LA REVISTA

Razones para cambiar de automóvil

Septiembre 2018
Por: Edwin Derteano

¿Qué aspectos se debe considerar?

Una pregunta frecuente de los lectores de Automás es: ¿por qué debo cambiar mi automóvil? Para responder a esta interrogante debemos considerar antes diversos aspectos.

Para empezar, hay que recordar que los avances tecnológicos han ido cobrando mayor importancia y cambiando considerablemente nuestra forma de vida y nuestro concepto de cuánto tiempo debemos conservar un bien. De manera paralela, han abaratado los costos. Hoy, un televisor de alta tecnología cuesta claramente menos que hace 20 años. El primer celular que compré a principios de los 90 me costó US$ 1,700 y solo servía para hablar por teléfono. Su batería duraba apenas 4 horas. El Smartphone que tengo hoy, también sirve para hablar por teléfono pero tiene otras mil funciones; la batería dura 2 días y me costó solo US$ 800. Es más, estoy pensando cambiarlo pero no porque ya no funciona sino porque el que lo va a reemplazar tendrá numerosas ventajas: será resistente al agua, su batería durará más, su cámara de fotos será más eficiente, etc.

Los automóviles obviamente han sido parte de este notable proceso de avances tecnológicos. Si comparamos un sedán familiar mediano actual, con sus equivalentes de hace 20 años, notaremos que consume mucho menos combustible, contamina menos, ofrece más seguridad a sus pasajeros y tiene un equipamiento similar al de los autos de alta gama de antes.
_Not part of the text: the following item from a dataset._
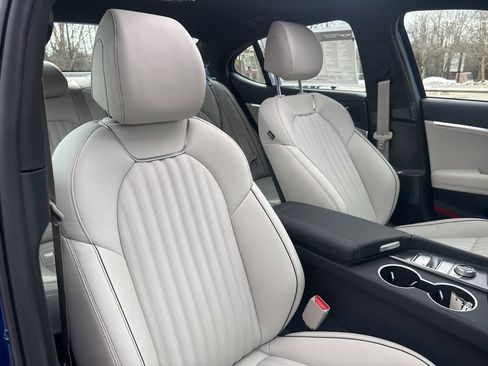 New 2026 Genesis G70 3.3T Sport Prestige AWD/4WD image 32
Hoy, cualquier sedán familiar viene equipado con aire acondicionado, dirección asistida y controles eléctricos en espejos y lunas. Algunos traen sensores y/o cámaras de retroceso, 6 cambios hacia adelante, sistema de frenos ABS, cuando no EBD (reparto electrónico de frenada).

Todos estos avances tecnológicos —muchos de ellos producto de los reglamentos que imponen mercados como el norteamericano, el europeo o el japonés— sumados a la competencia entre los fabricantes, producen no solo constantes lanzamientos de nuevos modelos. Adicionalmente, los autos de hoy cuestan en proporción un poco menos que su equivalente debido a varios factores: producción de autopartes de alta calidad en Asia, reducción de impuestos para facilitar el comercio internacional, tratados de libre comercio adicionales como los que tiene el Perú con muchos países, desarrollo del crédito, etc. Se ha reducido tanto el precio que, aunque no lo crea, el kilo de auto es hoy más barato que un kilo de lomo. Un sedán familiar bien equipado con motor 1.4 de 100 hp, cuesta US$ 14,990 y pesa 1,580 kg; su precio por kilo es de US$ 9.50. Un kilo de lomo cuesta S/ 60, lo que equivale a US$ 18.75.
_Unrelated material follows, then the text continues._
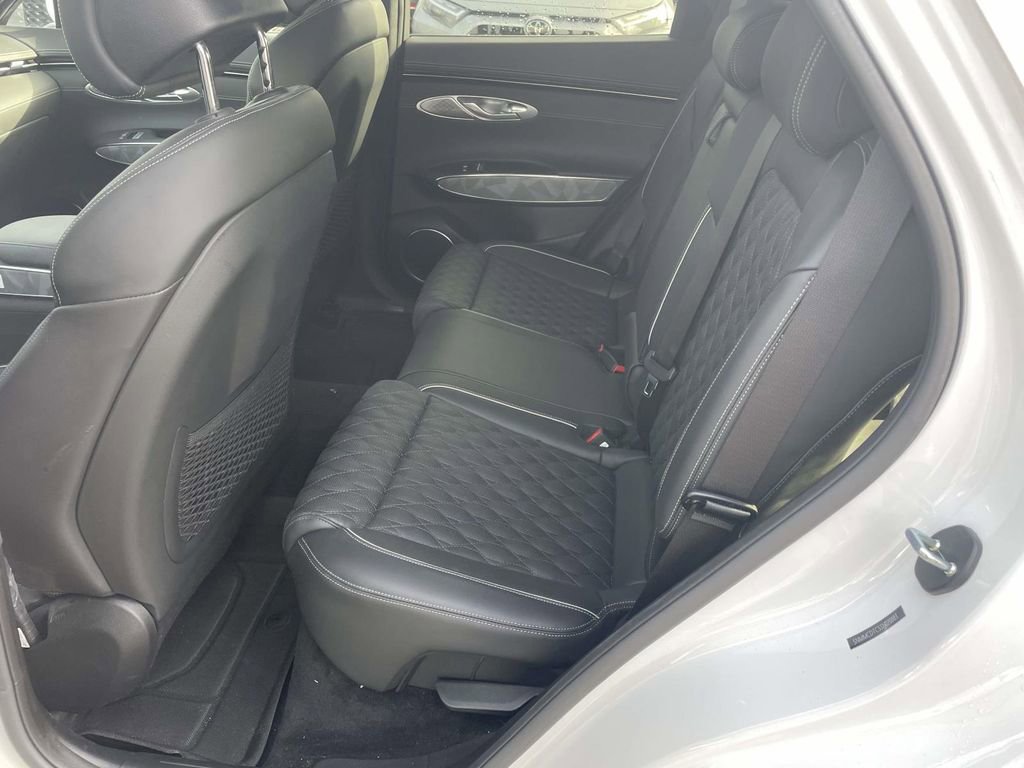 Used 2025 Genesis GV70 3.5T Sport w/ Sport Advanced Package image 23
Pero se ha reducido no solo su precio sino también su costo de operación. Con los años, los vehículos además de dar más kilómetros por galón, por ser más livianos y tener una sexta velocidad, entre otros aspectos, también requieren menos servicios. Los intervalos de servicios se hacen a más kilómetros que el vehículo que reemplazan. Sin duda que el uso de lubricantes sintéticos tienen mucho que ver en ello pero también el hecho de que los vehículos modernos requieren menos regulaciones y menos mantenimiento en general por haber sustituido mediante actuadores electrónicos sellados a mecanismos electromecánicos que se desgastaban y había que regularlos y/o constantemente cambiar sus componentes.

Un forma de responder a la interrogante planteada al principio quizá sea observar lo que ocurre en mercados más evolucionados que el nuestro, con consumidores mejor informados. Allí se cambia el automóvil para tener un vehículo de última generación que ofrezca menor consumo, mayor seguridad y un equipamiento que haga la vida más placentera gracias al aire acondicionado, mejores tapices, mejor diseño interior, equipo de sonido con más parlantes, etc.

Otro factor determinante para el cambio en dichos mercados es el aspecto estético. Las tendencias de mercado van dejando obsoletos algunos diseños que son reemplazados por otros, como está sucediendo con las SUV y los hatchback, en relación a las antiguas station wagon y sedanes. Un factor adicional que impulsa a cambiar el auto en esos mercados son los nuevos sistemas de crédito orientados al renting. Así, en vez de comprar el vehículo, el consumidor lo “alquila” por tres años, terminados los cuales lo devuelve y se lleva uno nuevo y sigue pagando una cantidad fija mensual para tener un vehículo no mayor a tres años, cubierto por la garantía de fábrica y una póliza de seguros, de tal forma que no haya imprevistos. El único costo adicional que debe añadi es el del combustible.

Pienso que estos sistemas ya exitosos en Europa y Estados Unidos, obtendrían el mismo resultado en países emergentes como el nuestro.